I just do a bit of math to bring the brew up to 23 litres. Usually 2-4litres of hot + the two cans contents (3.4kg which approximately equals 3.4litres) plus whatever cold tap water is required to make up to 23 litres of brew. I find I usually have to try and reduce the temperature of the wort before pitching the yeast and I have only ever pitched one yeast packet, as the other is kept for backup. Admittedly though, I sometimes keep a cup or so of extract back to boil up later with a little water to add to the bottles for priming although dextrose is almost okay for this too. Generally, I like all malt brews so I formulate that cup (or 0.25 litres) into the equation.

If you’re really hard up though, you can get the same result with just one can by taking the 23 litre formula above and halving it all. So you get one can at 1.7kg + 1-2 litres of hot and whatever you need to bring the brew up to around 11.5 litres. If you don't like the strong bitterness you can also add an additional 1-2 litres of water which mellows the flavour a little. In the 23 litre version you could add a little more water, but fermenter space is sometime limited. Even if you’re not hard up, sometimes a small batch of beer is good because it doesn't use up too many bottles and you can brew more variety more frequently.

Over the years I have done lots of two can mixes. Some that come to mind are a Wander's Pilsner (I think) + a Munich lager which tasted great, aged well and satisfied lots of discerning continental beer drinkers I know. I have also done a few "Half and Halfs" by using Cooper's light (real ale) and dark ale together which results in a strongly hopped, fruity tasting ale that also seems to keep very well. Wander's Munich Lager makes a pretty impressive 11.5 litre batch too: my girlfriend and I are currently finding it to be very drinkable.
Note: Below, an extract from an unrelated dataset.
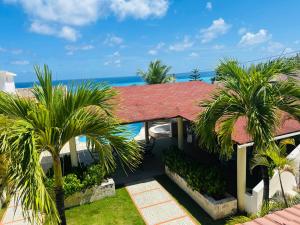 - Vistas a una casa con palmeras y al océano en Costa del mare paradiso,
I really recommend the two can method, as it makes for a very pure product which is not as cheap as the can and sugar (or dextrose) method but is cheaper than a hopped can of extract plus an unhopped 1 kg can of plain malt extract. Perhaps another way to reduce the bitterness in a two can brew may be to boil the hell out of one of the cans of extract with water and add the other one after the wort has cooled to around 70C. This would theoretically give you one can with more aroma hops flavour and one that is not as stronly flavoured which may result in a more balanced brew for those who don't like the extra bitterness.

Anyway...sorry about the rant and thanks for the interesting thread..Prost!!!


----------



## saturn (4/4/07)

I have used t2 cans of coopers stout and it was excellent. Big and flavoursome

I would use another yeast. The one provided with the kit gets far too excited. We had big black sticky mess in the garage after an overflow

Alternatively just use one yeats sachet


----------



## drsmurto (4/4/07)

wildschwein said:


> As plain liquid malt extracts are more expensive than hopped extracts (over $11 Aus as opposed to around $9 Aus hopped)



I pay $10 for an unhopped extract and use a tin of hopped extract and then use hops to adjust bitterness etc. I also like using 2 tins of unhopped liquid malt to do the extract method. Unless you are comparing homebrand kits to the malt tins, its not that bad. Hells bells, you can pay upwards of $15 for a hopped kit. 

I dont use dex etc anymore, only malt (and the occasional honey or golden syrup). 

Cheers
DrSmurto


----------



## Brooksy (4/4/07)

Coopers Toucan Stout - In the fermenter now. Just needs 1 additive - 300gms Corn Syrup. Hopefully I'll be able to serve it as a dessert. :lol:

Really good beer can be produced from the cheapies if a little effort is applied.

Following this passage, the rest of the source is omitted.